Yes ! Hubble needed the numbers to formulate an interpretation, but the numbers themselves don't interpret anything. A device or mathematical model capable of predicting the redshifts from other data, without saying why the redshifts take the values that they do, without relating it to any other physical quantities at all, would be mathematical magic, and not really science.

For another example, consider the discovery that the paths of the planets are ellipses, with the Sun at one focus. This discovery led to extremely precise predictions for data. It was critical to this discovery that the data be well explained by the theory. But that was not the primary consideration that made the nascent scientific community prefer the Keplerian model. After all, the Ptolemaic model preceding Kepler made equally accurate predictions of held-out data. Kepler’s model was preferred because it fit in with other ideas being developed at the same time, most notably heliocentrism.
A theory or explanation has to do much more than just explain the data in order to be widely accepted as true. In physics for example, a model — which, as we note, is almost always a model of latent structure — is judged to be good or strongly confirmed not only if it explains observed data. It ought to explain data in multiple domains, and it must connect in natural ways to other theories or principles (such as conservation laws and invariances) that are strongly confirmed themselves.

General relativity was widely accepted by the community not primarily because it explained anomalous data (although it did explain some); it was adopted because, in addition to explaining (a tiny bit of new) data, it also had good structure, it resolved conceptual paradoxes in the pre-existing theory of gravity, and it was consistent with emerging ideas of field theory and geometry.
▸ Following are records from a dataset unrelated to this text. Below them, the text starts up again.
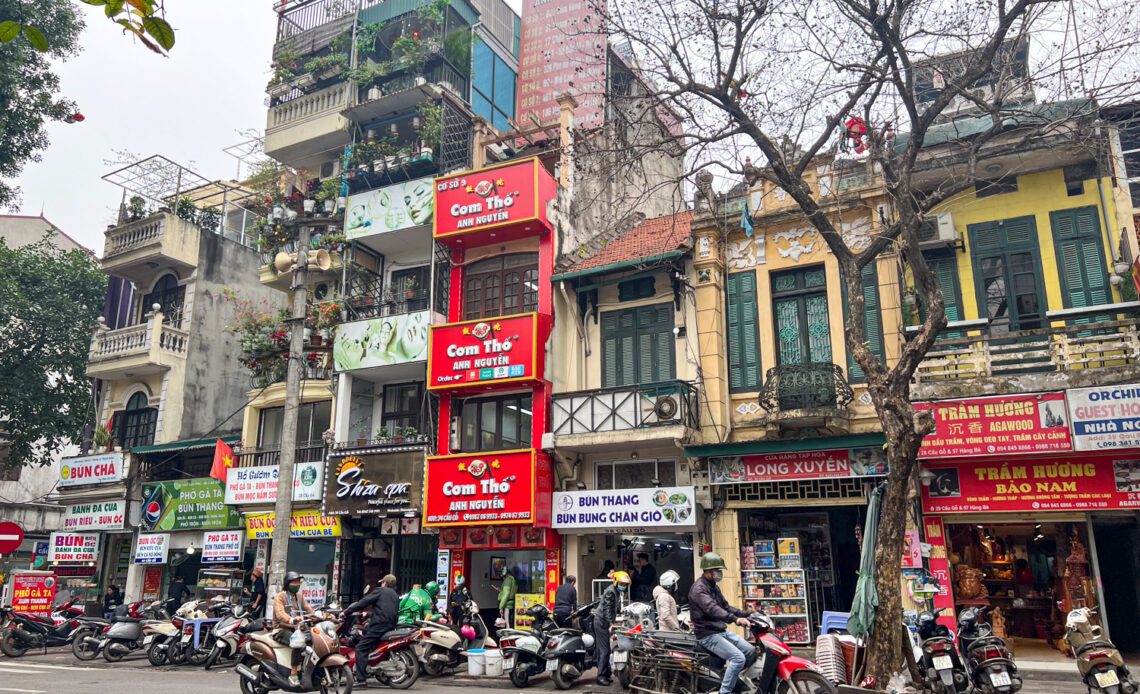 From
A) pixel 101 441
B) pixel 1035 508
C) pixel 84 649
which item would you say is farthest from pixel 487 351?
pixel 101 441

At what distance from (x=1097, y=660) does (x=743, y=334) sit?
9768mm

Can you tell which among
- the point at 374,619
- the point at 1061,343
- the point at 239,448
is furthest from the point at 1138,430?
the point at 239,448

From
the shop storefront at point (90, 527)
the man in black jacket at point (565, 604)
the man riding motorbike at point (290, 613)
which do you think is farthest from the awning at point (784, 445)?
the shop storefront at point (90, 527)

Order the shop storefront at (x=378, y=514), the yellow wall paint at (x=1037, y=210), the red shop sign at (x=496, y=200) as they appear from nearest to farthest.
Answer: the yellow wall paint at (x=1037, y=210), the red shop sign at (x=496, y=200), the shop storefront at (x=378, y=514)

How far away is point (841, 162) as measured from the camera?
16406 millimetres

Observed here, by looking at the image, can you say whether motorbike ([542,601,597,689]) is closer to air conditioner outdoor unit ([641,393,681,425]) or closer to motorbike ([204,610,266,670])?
air conditioner outdoor unit ([641,393,681,425])

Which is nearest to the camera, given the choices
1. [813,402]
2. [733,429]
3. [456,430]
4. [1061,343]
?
[1061,343]

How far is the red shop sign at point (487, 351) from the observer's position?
1920cm

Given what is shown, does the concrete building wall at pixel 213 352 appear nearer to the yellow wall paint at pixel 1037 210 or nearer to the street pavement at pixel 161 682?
the street pavement at pixel 161 682

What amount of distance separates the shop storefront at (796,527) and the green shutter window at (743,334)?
1770 mm

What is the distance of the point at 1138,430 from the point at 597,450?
10155 millimetres

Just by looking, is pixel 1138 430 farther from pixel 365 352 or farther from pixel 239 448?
pixel 239 448

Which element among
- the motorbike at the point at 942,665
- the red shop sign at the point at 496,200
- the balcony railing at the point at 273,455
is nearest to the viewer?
the motorbike at the point at 942,665

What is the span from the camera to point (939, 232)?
16609 mm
Which is a nice summary. Some time ago I'd almost finished a draft of a much longer post based on this this far more detailed paper which considers the same issues, but then blogger lost it all and I haven't gotten around to re-writing the bloody thing. I may yet try. Anyway the need for self-consistency is important, and doesn't throttle new theories in their infancy as you might expect : there are ways to overturn established findings independent of the models.

The rest of the paper is more-or-less in line with my initial expectations. ML is great, they say, when only quantification is needed : when a correlation is interesting regardless of causation, or when you want to find outliers. So long as the causative factors are well-understood (and sometimes they are !) it can be a powerful tool for rapidly finding trends in the data and points which don't match the rest.

If the trends are not well-understood ahead of time, it can reinforce biases, in particular confirmation bias by matching what was expected in advance. Similarly, if there are rival explanations possible, ML doesn't help you choose between them if they don't predict anything significantly different. But often, no understanding is necessary. To remove the background variations in a telescope's image it isn't necessary even to know where all the variations come from : it's usually obvious that they are artifacts, and all you need to is the mathematical description of them. Or more colourfully, "You do not have to understand your customers to make plenty of revenue off of them."

Wise words. Less wise, perhaps only intended as a joke, are the comments about "the unreasonable effectiveness of ML", that it's remarkable that these industrial-grade mathematical processes are any good for situations to which they were never designed. But I never even got around to blogging Wigner's famous "unreasonable effectiveness" essay because it seemed worryingly silly.

Finally, they note that it might be better if natural sciences were to shift their focus away from theories and more towards the data, and that the degeneracies in the sciences undermine the "realism" of the models. Well, you do you : it's provocative, but on this occasion, I shall allow myself not to be provoked. Shut up and calculate ? Nah. Shut up and contemplate.